Sixteen days after Templar's blog post, Tusken released a YouTube video condemning the calling out of Templer. She said the community was being "hostile in the name of social justice."
"No one was defending her, no one was saying that this was wrong, that this wasn't her intent. And I felt like I had to do something because no one else was," Tusken said. But she underestimated the consequences.
"I didn't understand at the time how actually trying to defend Karen Templer would affect me and my business," she said. "After a couple of days, these people online, the mob that went after Karen came after me."
Some who felt the knitting community needed to reckon with its racist tendencies pointed to her video as an example of "white fragility." Tusken began to receive messages denouncing her; she was called a Nazi and a white supremacist.
"It's the worst thing," she said. "Thousands of people who just hate you. It's hard to explain until you've been through it."
The negative attention took a toll on Tusken's business. She was unable to attract business collaborators or new customers and was losing followers on social media.

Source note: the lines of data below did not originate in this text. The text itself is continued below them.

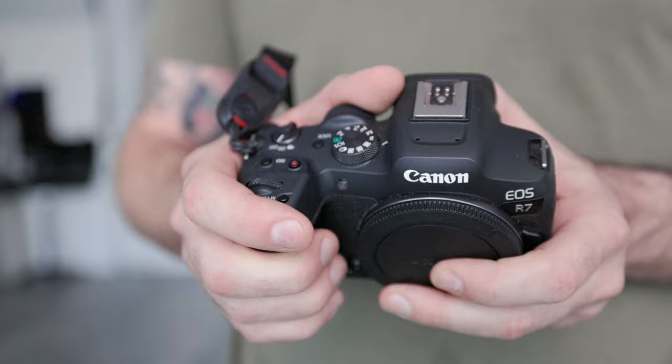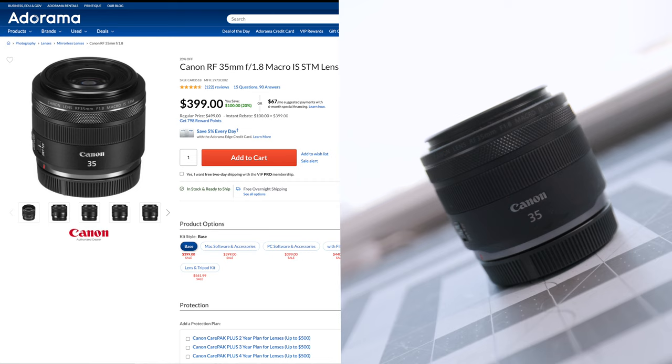My goal is to shoot differently than how I work on a day-to-day basis so it won't feel like work, so I shoot simple, travel light, and challenge myself to work in a way that I'm not used to. First off, let's talk about the lens. I've been shooting with the 35mm f1.8. It's fantastic, pretty affordable, and easy to travel with — gives great results. 35 millimeters is a great focal length, and it's a lot smaller than my 70-200 I usually work with.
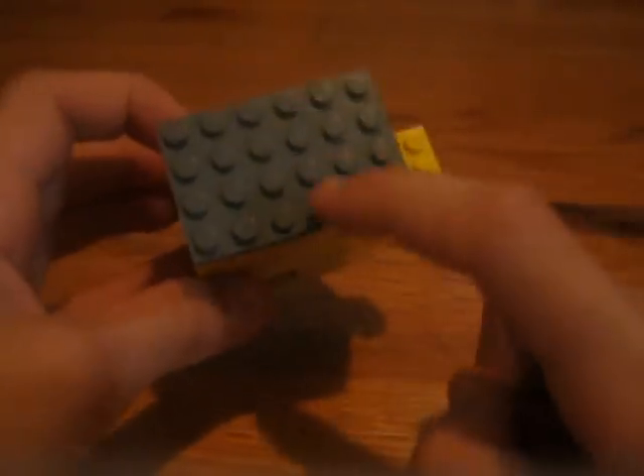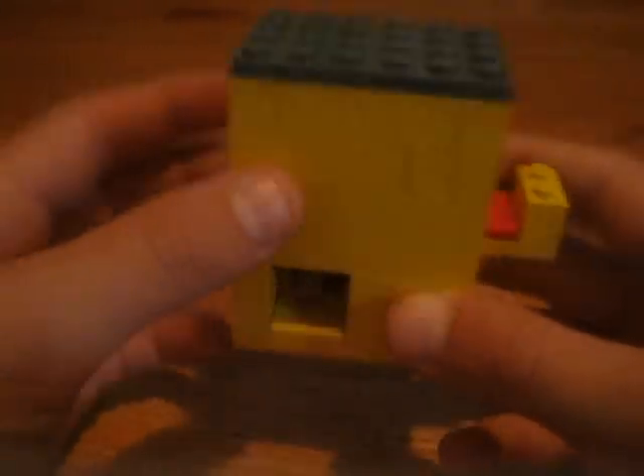Hey guys, this is my mini Lego gumball dispenser. It has three rounds, just like my smaller one that was on a 4x4 base plate, but I like this one a lot better.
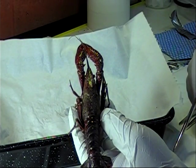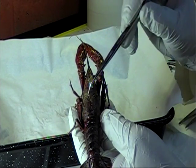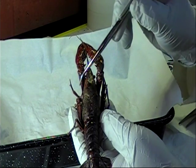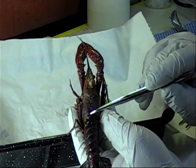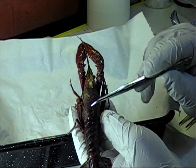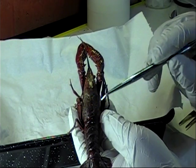On the cephalothorax carapace, you can see the cervical groove, which separates the head from the thoracic region. You can also see a prominent indentation on the cephalothorax carapace that defines the central area and separates the two sides of the thoracic region.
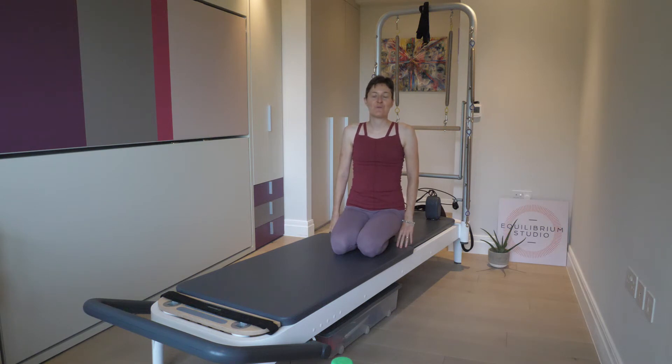Welcome to Equilibrium Studio. Today I've prepared for you a Pilates-based Brazilian Jiu-Jitsu warm-up.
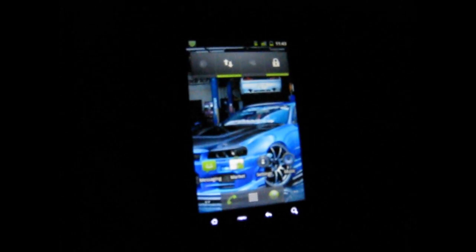Just unplug your phone from your computer and then power it off. When you turn it back on, I'm going to need you to hold the power button and the volume down button to get into the bootloader.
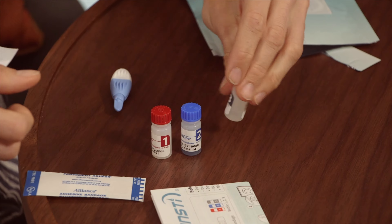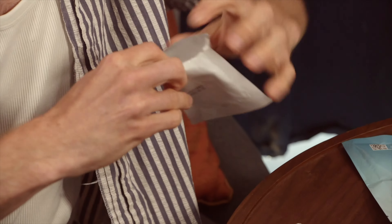First thing you're gonna want to do, open this baby up, then get out all of your materials. Keep that band-aid close, line up your bottles. This one's a little harder. Get out your little tray.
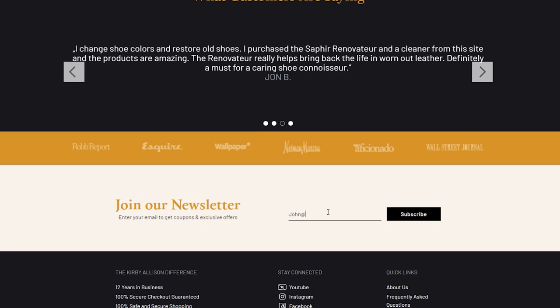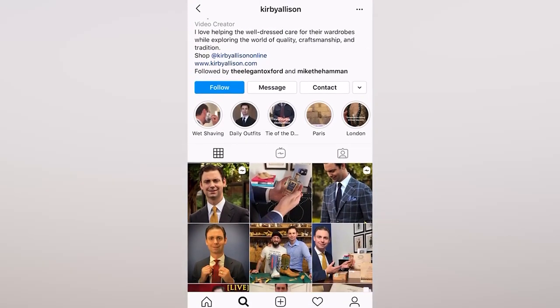These Q&A videos are really among my favorite to film because they give me an opportunity to express my appreciation to all of you for your time watching, engaging, and asking questions. Even if you don't have a question, please chime in, raise your hand, make a comment, let me know what you think, express your opinion, or share a story of your own. If you're new to this channel, please hit that red subscribe button. Sign up for our newsletter at KirbyAllison.com and follow me on Instagram at Kirby Allison — these are the best ways to stay up to date about what's going on in our world.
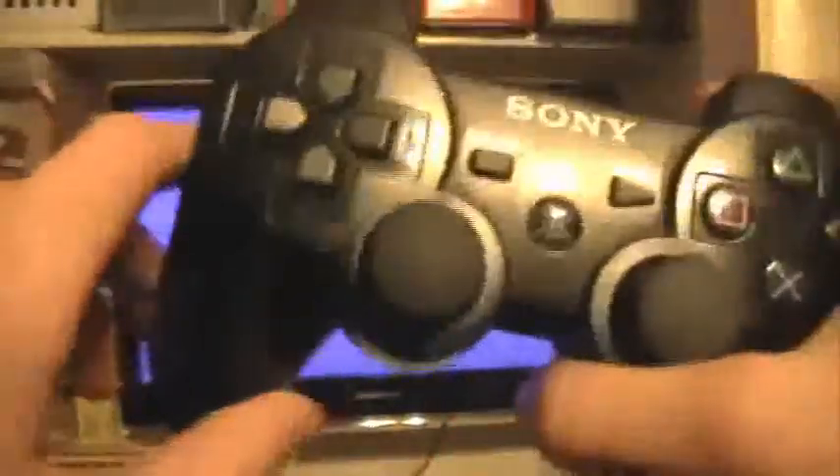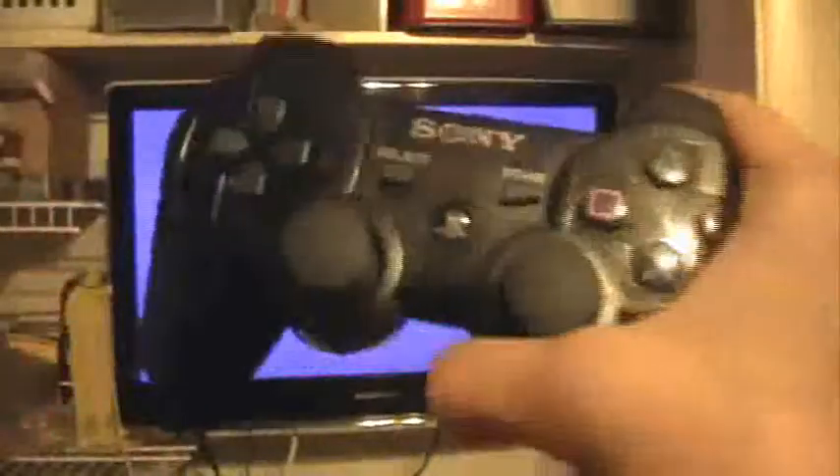Hello everyone, this is Logan, and it's a shame when any controller breaks on you, even if it is the infamous DualShock 3 controller. Technically it didn't break on me — I got the PlayStation 3 with this broken controller and the guy gave me $20 off it. But no matter, because I spent that $20 and bought this.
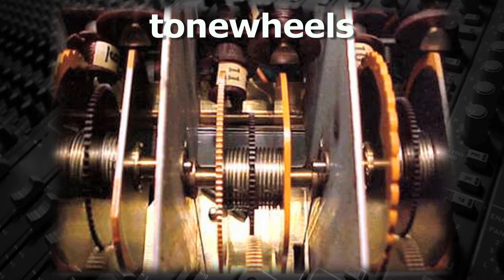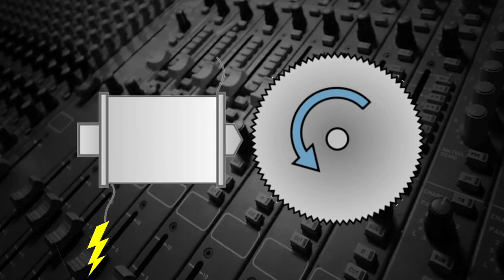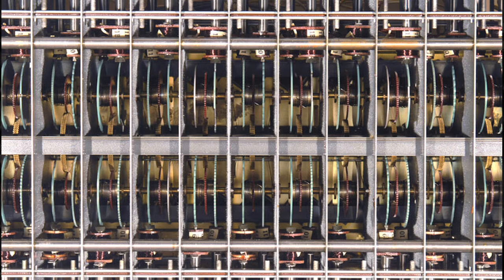Hammond organs work like this: a motor rotates a shaft that has a series of tone wheels that actually resemble circular saw blades. As they pass close to the pickup, the rapidly rotating teeth of the tone wheel generate an electrical current that produces a particular pitch.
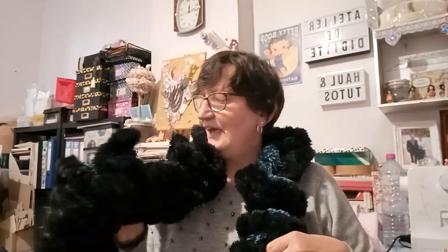Bonjour tout le monde, on se retrouve aujourd'hui pour une nouvelle vidéo — un mini concours avec mon écharpe. Vous vous rappelez, j'ai fait cette écharpe en tuto, elle est très chaude. Moi j'en ai déjà des écharpes comme ça, donc ça sert à rien que je la garde dans un coin. Je vais la mettre très peu, donc je préfère vous l'offrir par le biais d'un concours. J'espère qu'elle va vous plaire.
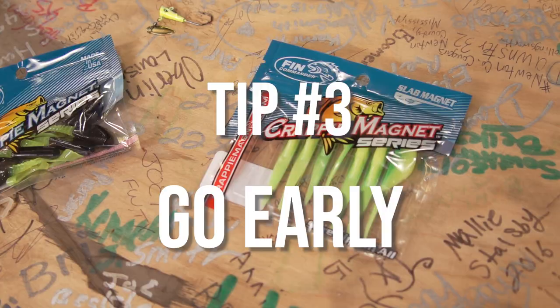Tip number three: get up at daylight and get your fishing done by 11 o'clock, because it is getting hot — you will melt. Drink plenty of water, stay hydrated, and catch a lot of fish.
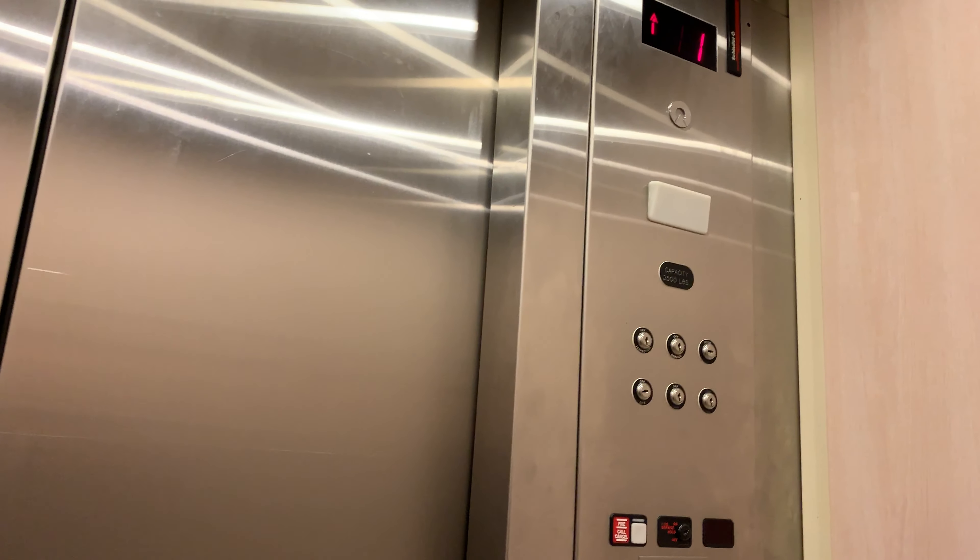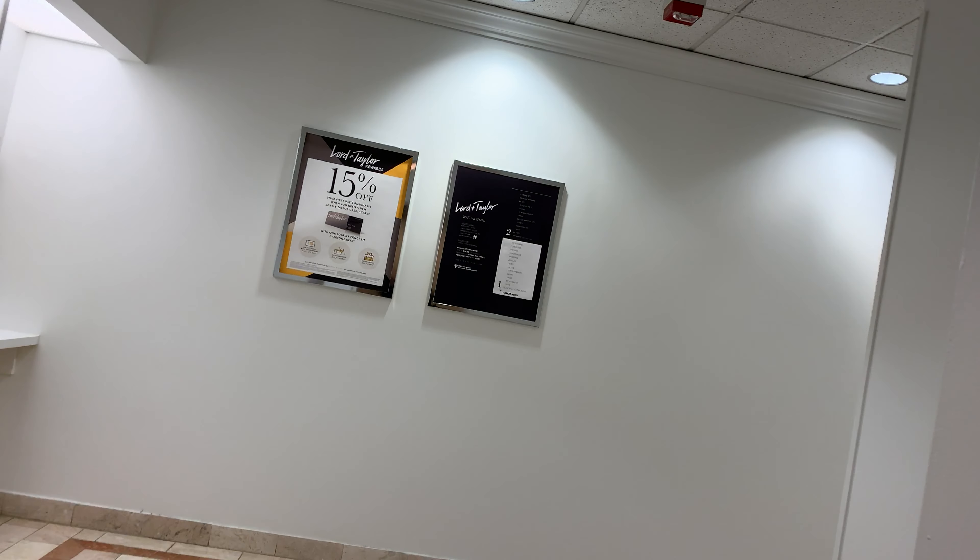I kinda like this thing. It's nicer than most 90s Lord and Taylor elevators in my opinion. It's nicer than the base Schindler — I'll give it that much. So much nicer than the base Schindler, my God.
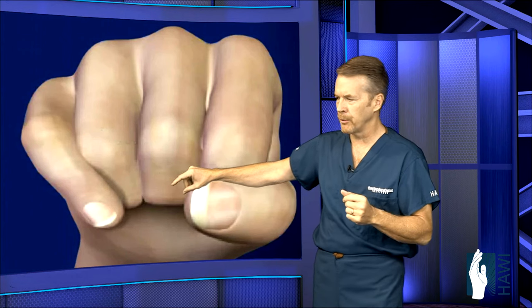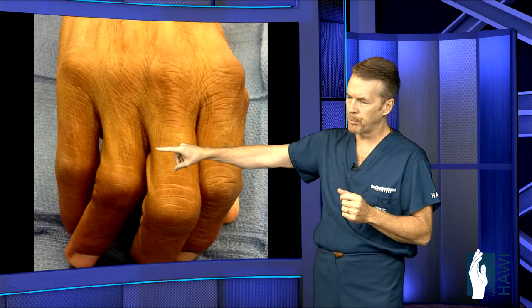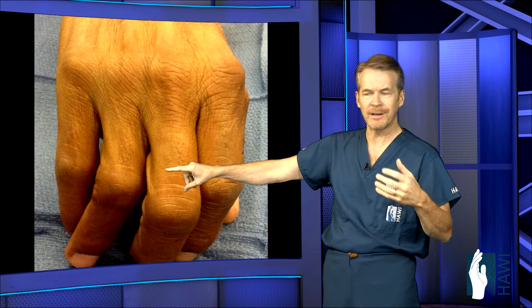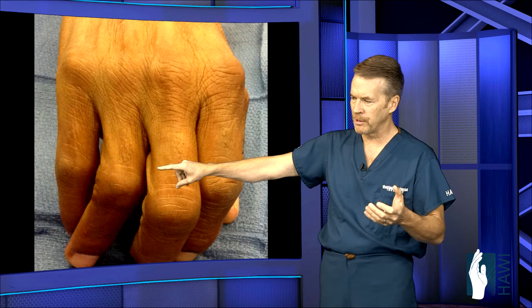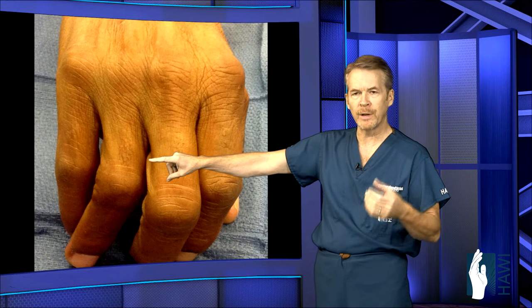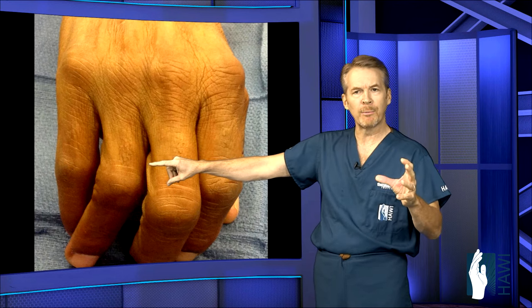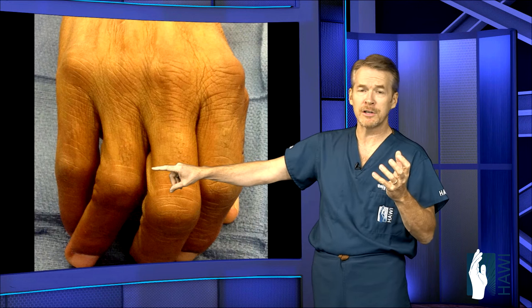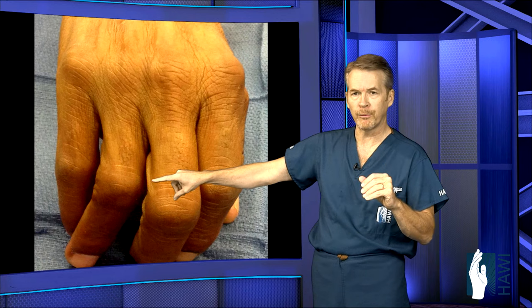This gentleman was a musician who had broken his finger and didn't get medical treatment for the first couple of months — it healed in a crooked position. Look at the significant deformity, all from a break right here. So we had to go back in, re-break the bone, reposition it, and put a plate and screws in to correct it, because as a musician he had significant problems with this deformity.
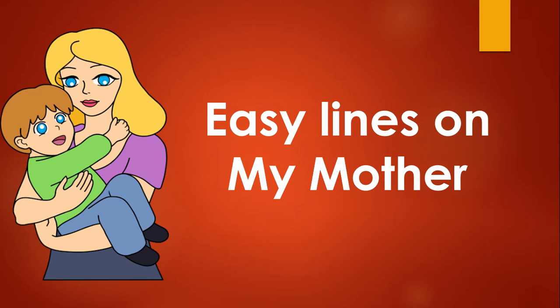Hello kids, I hope you all are doing good. Today in this video we are going to learn easy lines on the topic my mother.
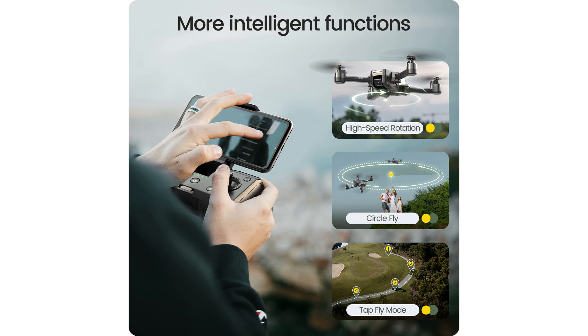Priced at $84.99, the HS440 drone promises a new adventure with every flight, making it an excellent value for money.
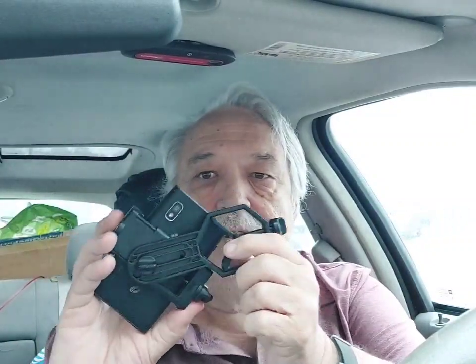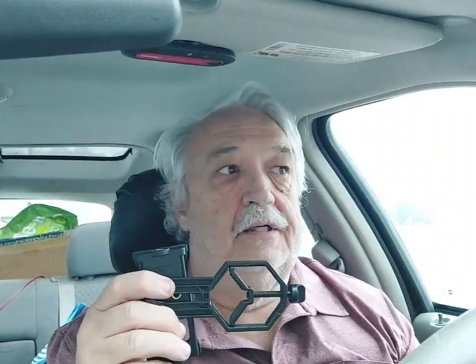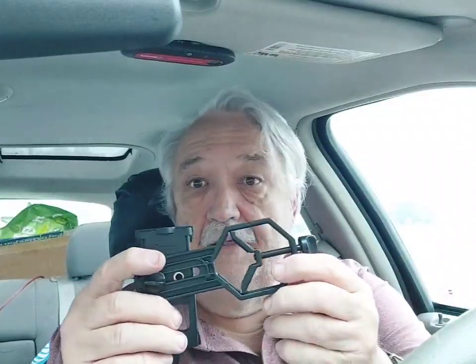I got this in the mail yesterday. This is an adapter to allow your cell phone and camera to mount on this, then adjust it and clamp it onto things with this little clamp here. There's a clamp here so you can attach it to a telescope, binoculars, or even a microscope.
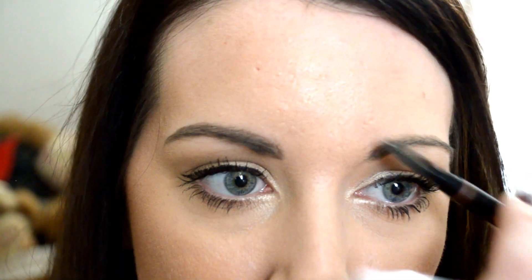It's nothing crazy or over-defined or over-filled in. I think sometimes those pomades can really make your eyebrows look really drawn on, but this looks pretty natural — just a little bit thicker — and I really do like it. So let's go ahead and do the other eyebrow so we have an even one.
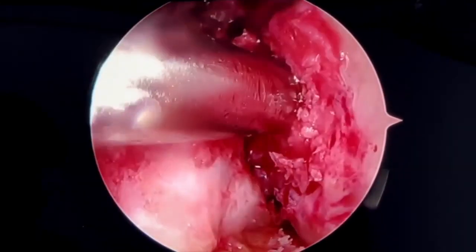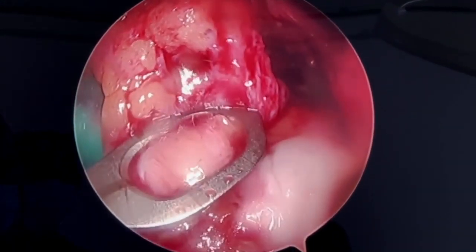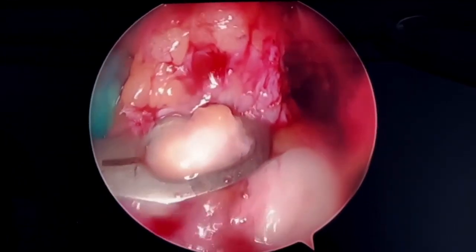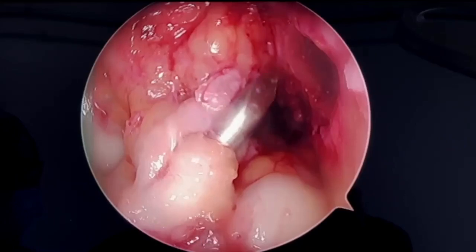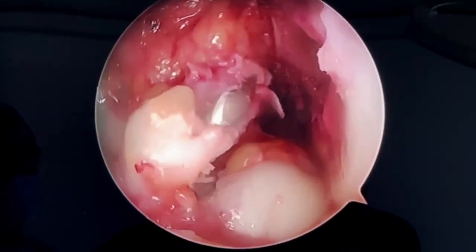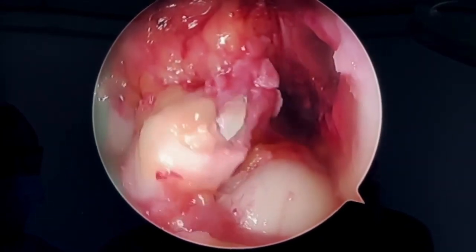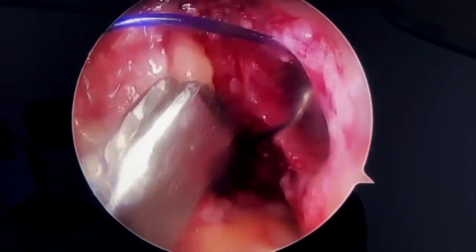Any remaining bone or soft tissue is irrigated and removed using saline. The tibial guide is positioned at a 55-degree angle to target the center of the ACL stump. The cannulated drill set is then used to ream the bone from the outside in based on the previously measured ACL graft size. The synovial covering of the ACL remnant and the tibial attachment are carefully preserved throughout the procedure.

But in early 2020, Tusken decided to turn it around and embrace her newfound notoriety in the knitting world. She released a new collection of yarn called "Polarized Knits" that poked fun at political correctness and cancel culture, with products named after terminology she'd heard during the controversy: "Gaslight," "Virtue Signaling," "Othering," "Wrong-Think."
Tusken's new yarn collection began to attract attention and garnered support from fellow critics of the social justice movement. "Coming up with that yarn collection just gave me so much confidence," Tusken said. "I felt like I was being proactive and just trying to make light of what these people had done to me and to others."
Despite the challenges that followed, she isn't sorry she took her stand.
"I didn't apologize for anything, and I think that's what you have to do to fight this, because if you apologize like Karen Templer did, now she is sort of owned by them. So anything she does or says is subject to the mob," said Tusken. "...And because I didn't apologize, I can do what I want. I can run my business the way I want, and I'm not subject to them constantly calling me out and constantly having to apologize and try to explain myself."